##### RECORDS SHOWN

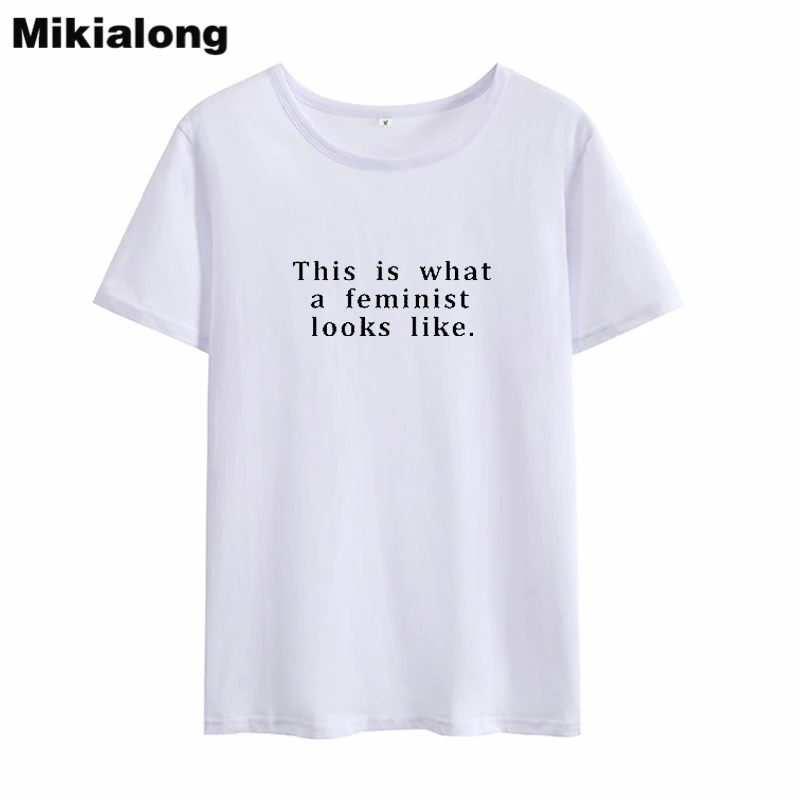 

Mikialong This Is Feminist Printed Tshirts Cotton Women Summer 2018 Harajuku Tee Shirt Femme White Basic T-shirt Women Tops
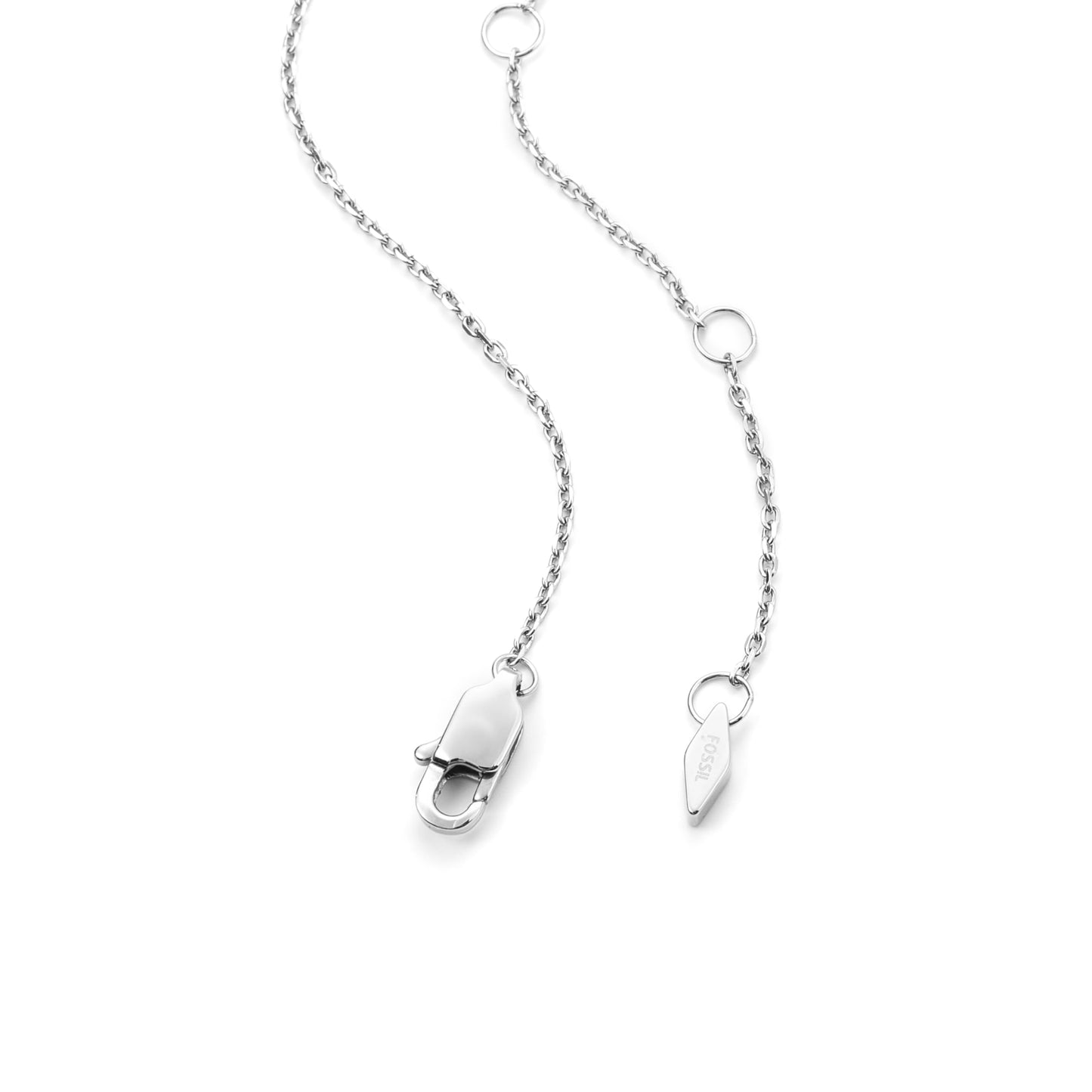 Fossil Women's Sadie Glitz Heart Stainless Steel Pendant Necklace, Color: Silver (Model: JF04674040)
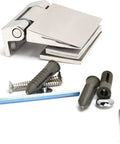 Rugged Frameless Glass Door Hinges Crafted From Top Tier 304 Stainless Steel Heavy Duty Hardware with screws and mounting kit.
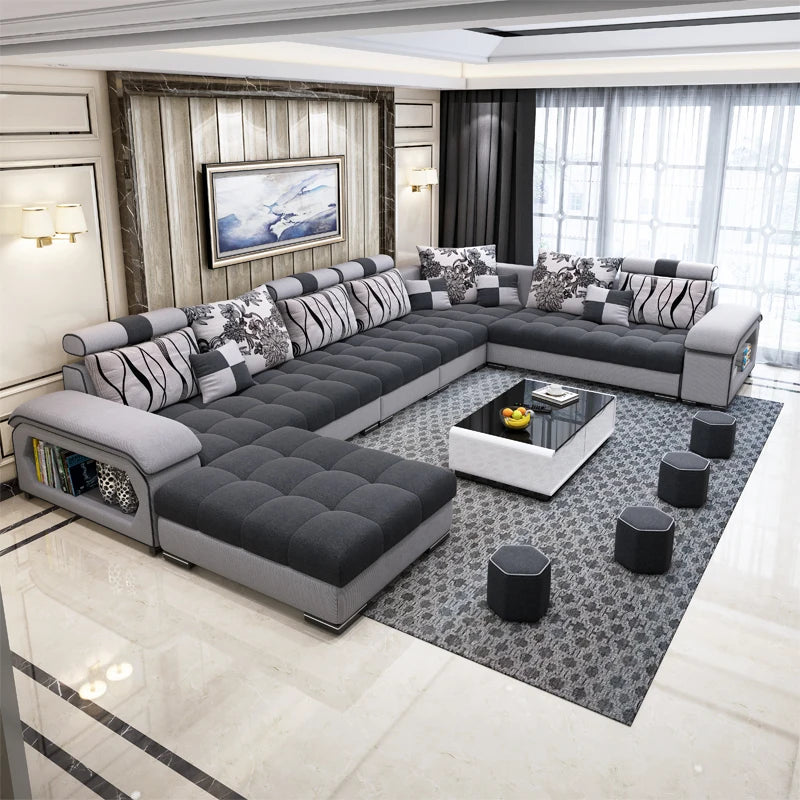 Fabric sofa, simple and modern size, living room, Nordic latex technology fabric sofa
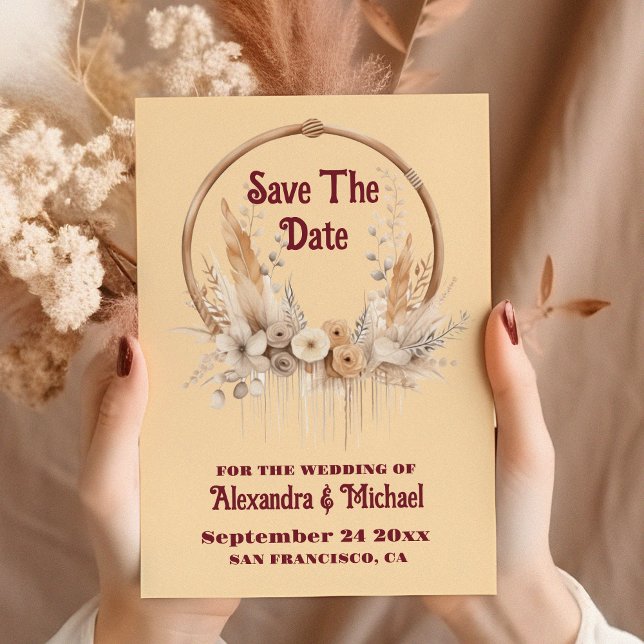 Boho Floral Western Wedding Save The Date (Creator Uploaded)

##########

TASK DESCRIPTION →
Copy verbatim the span that begins at the line containing "Fabric sofa, simple" and ends at the last line of the material, inclusive of both; exclude pictures.

OUTPUT →
 Fabric sofa, simple and modern size, living room, Nordic latex technology fabric sofa
 Boho Floral Western Wedding Save The Date (Creator Uploaded)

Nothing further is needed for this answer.